## What the task asks:
Skip the images and restate every line of the records exactly.
#### Data extracts
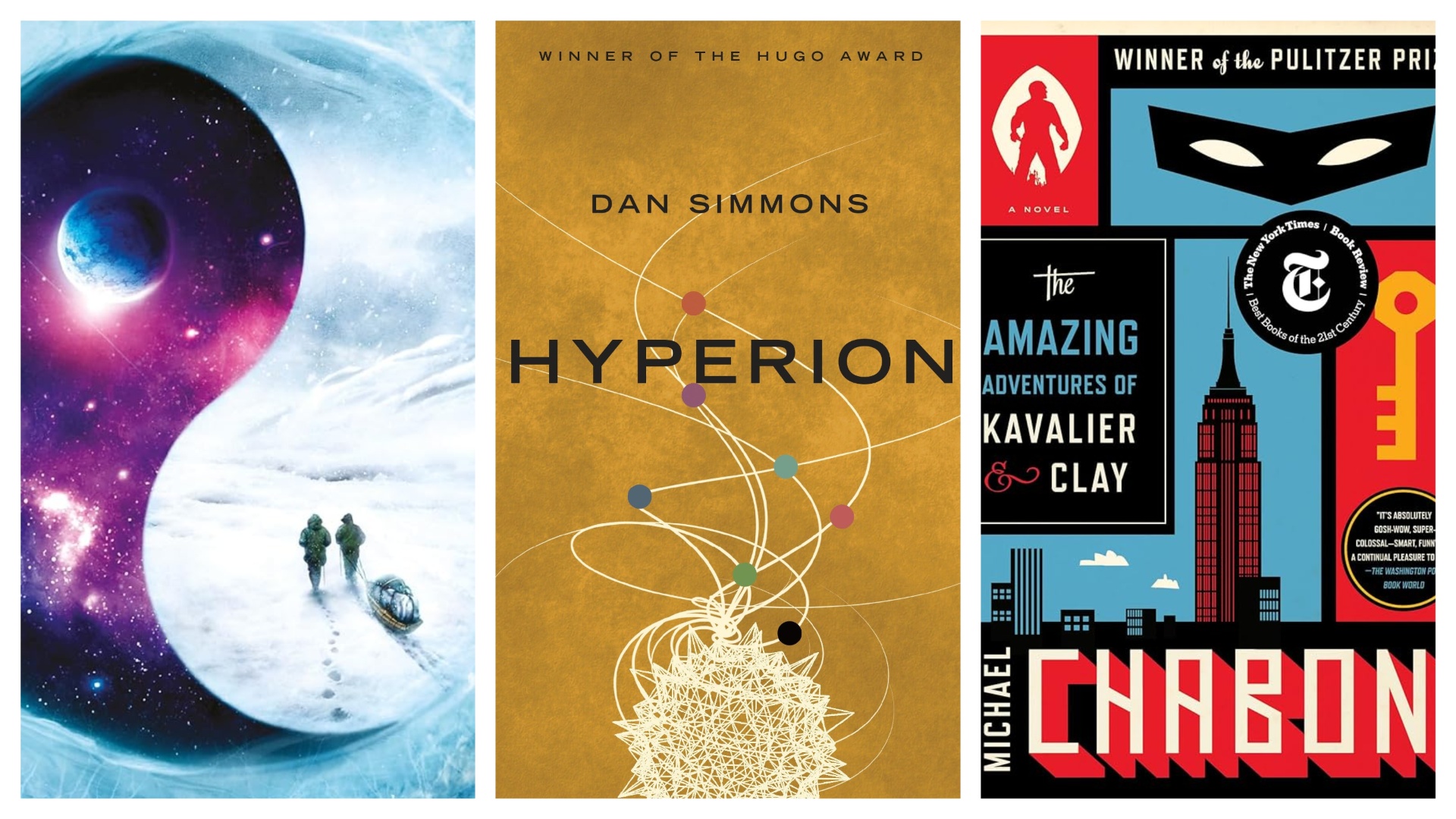 Three book covers sliced together, from left ot right: The Left Hand of Darkness, Hyperion and The Amazing Adventures of Kavalier &amp; Clay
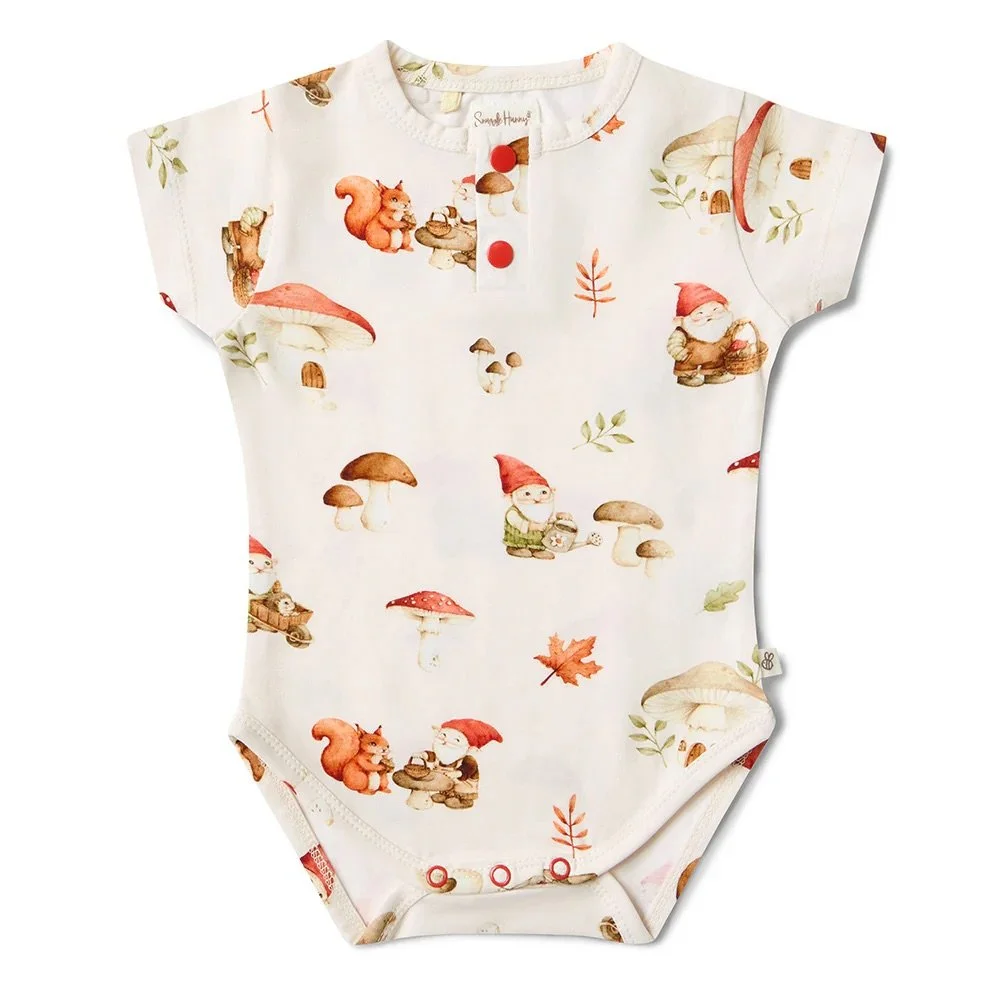 Short Sleeve Organic Bodysuit - Gnomes
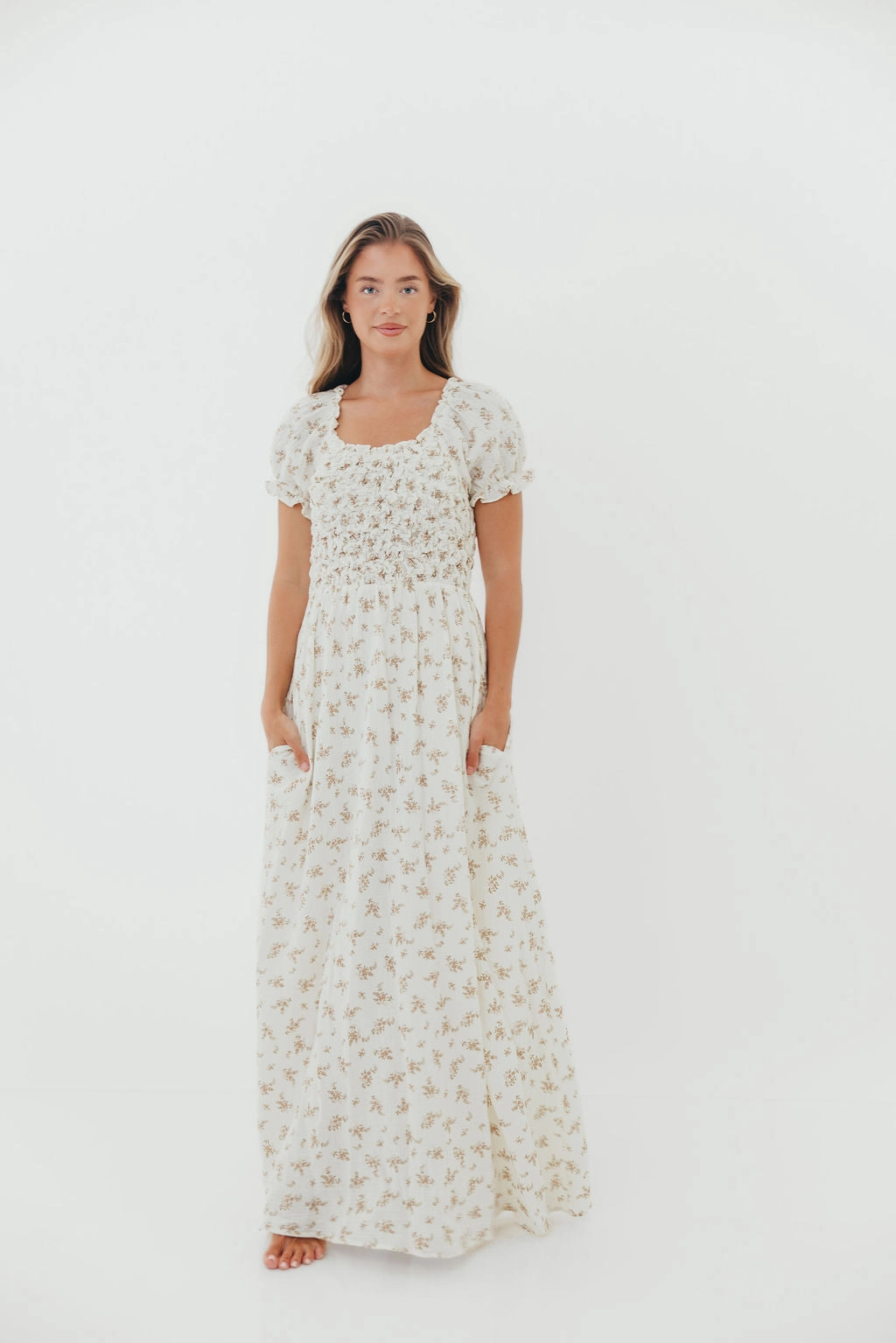 Emilia 100% Cotton Smocked Maxi Dress in Cream - Bump Friendly Style Upgrade
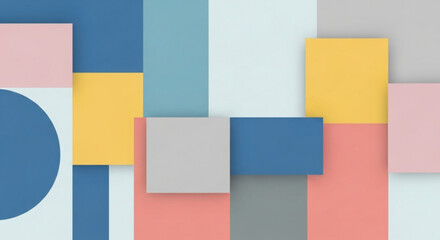 Fototapeta premium Colorful geometric shapes in blue yellow pink and gray hues
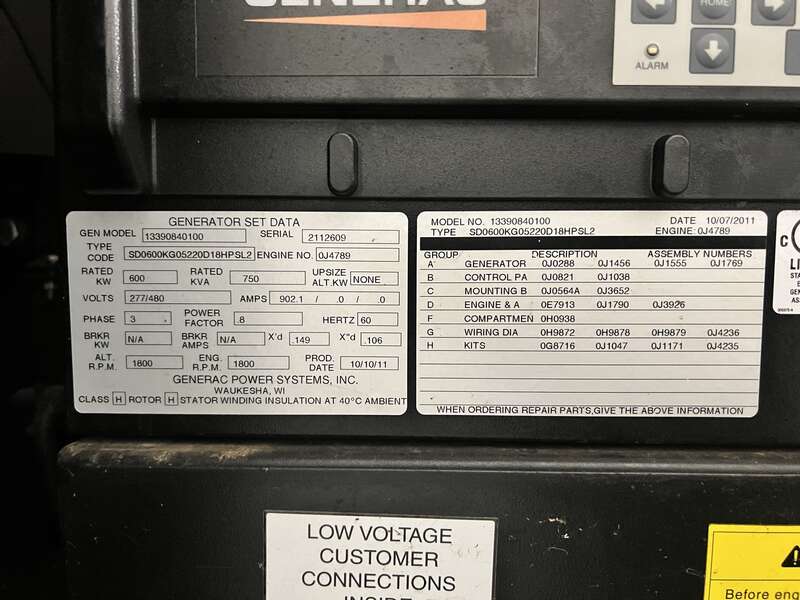 Used Generac SD0600 Diesel Generator, 260 hours EPA Tier 2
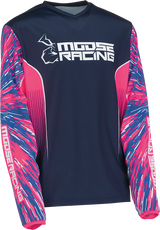 MOOSE RACING Youth Agroid Jersey - Pink/Blue - Medium 2912-2258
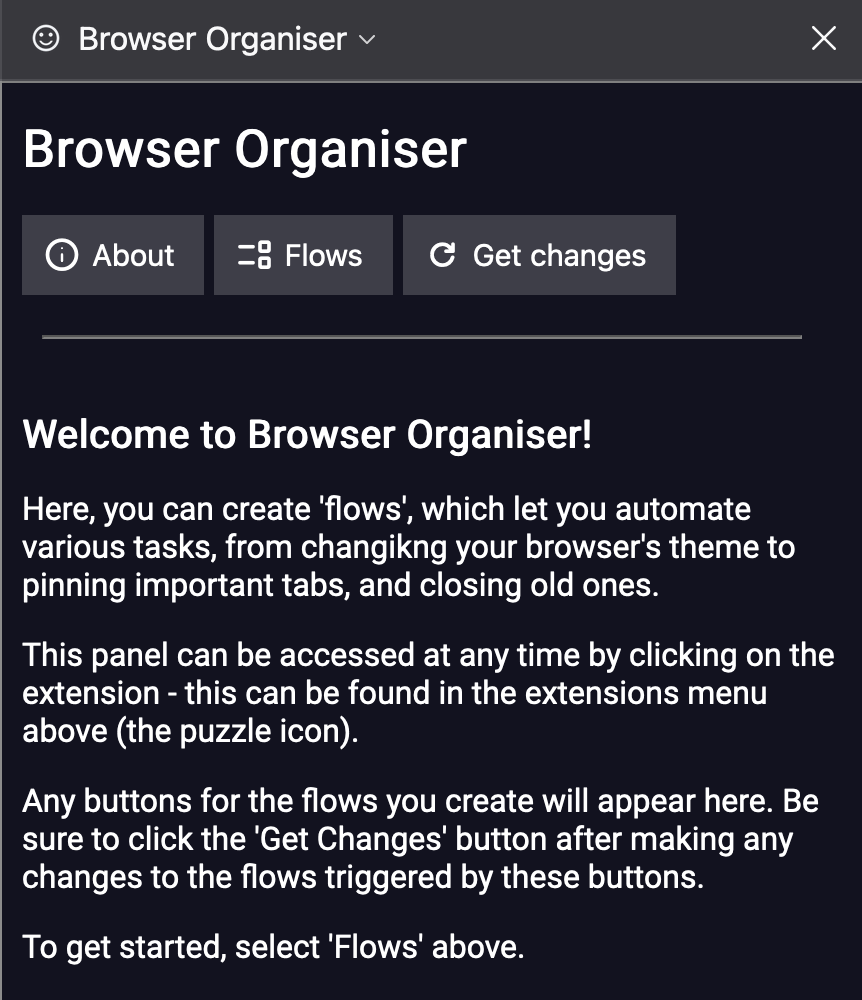 A screenshot showing the sidebar with the welcome text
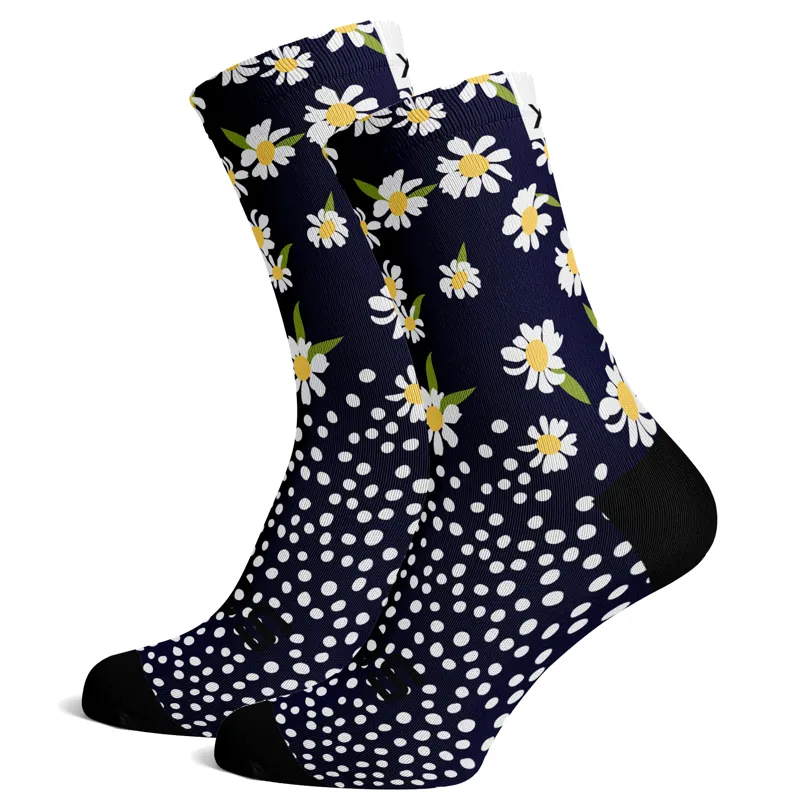 Sox Footwear Daisy Tropicals Premium Crew Socks - Navy
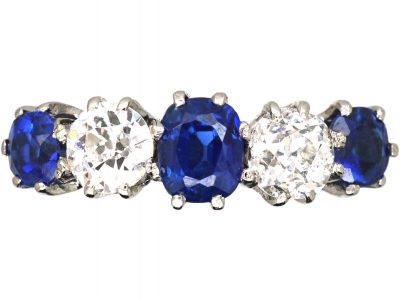 Early 20th Century 18ct Gold & Platinum, Sapphire & Diamond Five Stone Ring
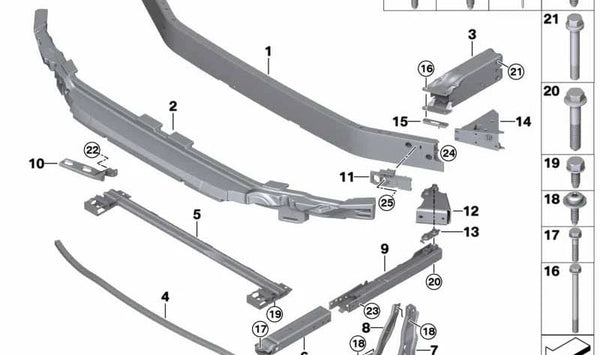 Refuerzo superior del parachoques delantero OEM 51117342439 para BMW F48, F49, F39. Original BMW.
########
## Your response:
 Three book covers sliced together, from left ot right: The Left Hand of Darkness, Hyperion and The Amazing Adventures of Kavalier &amp; Clay
 Short Sleeve Organic Bodysuit - Gnomes
 Emilia 100% Cotton Smocked Maxi Dress in Cream - Bump Friendly Style Upgrade
 Fototapeta premium Colorful geometric shapes in blue yellow pink and gray hues
 Used Generac SD0600 Diesel Generator, 260 hours EPA Tier 2
 MOOSE RACING Youth Agroid Jersey - Pink/Blue - Medium 2912-2258
 A screenshot showing the sidebar with the welcome text
 Sox Footwear Daisy Tropicals Premium Crew Socks - Navy
 Early 20th Century 18ct Gold & Platinum, Sapphire & Diamond Five Stone Ring
 Refuerzo superior del parachoques delantero OEM 51117342439 para BMW F48, F49, F39. Original BMW.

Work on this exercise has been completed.